Shaping a central bank

The Banking Panic of 1907 put the Banking and Currency committee in the spotlight, and Glass found himself chairman when his friend Woodrow Wilson was elected president. Initial efforts at resolving the problems raised by the 1907 panic, though, were met with frustration. Essentially, legislators were concerned about two issues: a banking system that was prone to panics (1907's event was not rare), and a currency that was not responsive to changes in demand. On the makeup of a reserve system to address those problems, there was disagreement over the control of such an institution: Should private banks have control over the eventual Federal Reserve System, or should their input be confined to decentralized banks within the system?

Carter Glass—who favored decentralized power—was particularly adamant on this question, and his role in developing the legislation is an example of how his Jeffersonian ideas of democracy, along with his tenacious spirit, helped shape one of the country's most important pieces of financial legislation. After working tirelessly on the subject for five years, the election of 1912 brought an opening: not only did it usher Wilson into the White House, but it also gave Glass' party control of both the House and Senate.

Glass wasted no time. He began drafting legislation with Wilson before the newly elected president even took office, and by December of the following year, the Federal Reserve Act was passed and signed into law. Glass was thrilled: "The thing which had been vainly discussed and intermittently attempted for 20 years had finally been accomplished!"

Essentially, in constructing the Federal Reserve Act with Wilson, Glass had repackaged the previous Republican administration's proposal, the economist Milton Friedman would later write, making it even more conservative. Instead of a centralized bank under private banker control, Glass, of course, wanted decentralized banks under private control. (The claim that the Federal Reserve Act was a modified form of the Aldrich plan was also made in Glass' day, and it was a notion he detested. In a 1922 speech before the Senate, Glass called the idea "a total misunderstanding," and said "no greater misconception was ever projected in this Senate Chamber ...") It was Wilson who suggested an altruistic board of governors appointed by the executive branch. Even though he may not have entirely liked that idea, Glass and his sharp tongue helped guarantee the bill's passage.
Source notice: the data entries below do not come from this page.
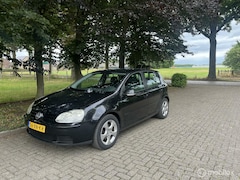 Volkswagen Golf - 1.6 FSI clima trekhaak lmv apk 06-2026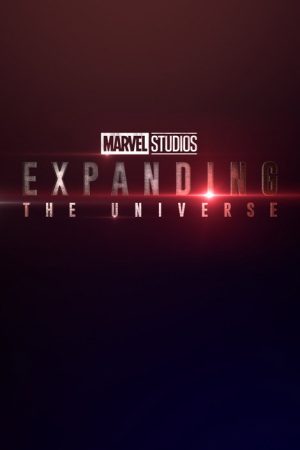 Marvel Studios: Expanding the Universe (2019) poster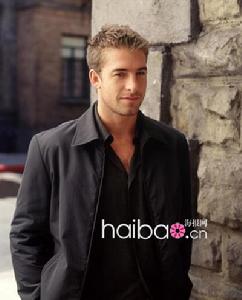 Scott Speedman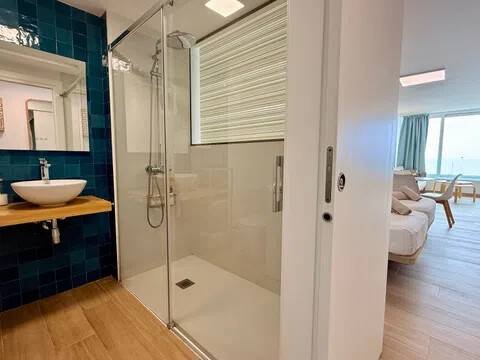 Piso de 41 m² en Mogán
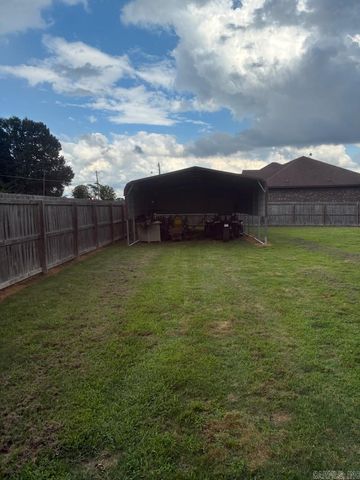 116 Prairie Drive, Beebe, AR 72012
His greatest domestic concern

During the coming European war, Glass supported Wilson and the struggle for a lasting peace. At the end of 1919, he was named Wilson's Secretary of the Treasury, the first cabinet officer from Virginia since the elder Glass' commander, John Floyd, was Secretary of War in Buchanan's administration. As such, Glass favored rebuilding Europe, including the defeated Germany, and pushed for American financial assistance.

Although as head of the Treasury, Glass was in charge of enforcing Prohibition laws, his greatest domestic concern had to do with the vast amount of borrowing for stock market speculation. Glass wanted the banks voluntarily to restrict their lending for stock purchases and warned about the consequences if nothing was done. On the merits of this speculation, he was more than a little doubtful: "To say this is wholesome is to betray a case of intellectual astigmatism that requires the curative skill of a physician."

Exactly one year after he took over at the Treasury, the popular Glass was appointed to the Senate in 1920 to succeed Thomas S. Martin of Virginia, who died in late 1919. Glass would remain a Virginia senator until his death.

When Glass' predictions about the economy came true in 1929, he first went to work defending his original Federal Reserve legislation, then proceeded in 1931 to write a banking reform bill to provide the Federal Reserve Board with greater control over speculative credit. Thus began an important period wherein Glass and the rest of the nation, reeling from a series of financial panics and rampant bank closures, reconsidered what type of financial system was best for the country.

As the timeline shows, that debate continued throughout the century and culminated—after a series of regulatory and legislative changes—in the Financial Services Modernization Act of 1999.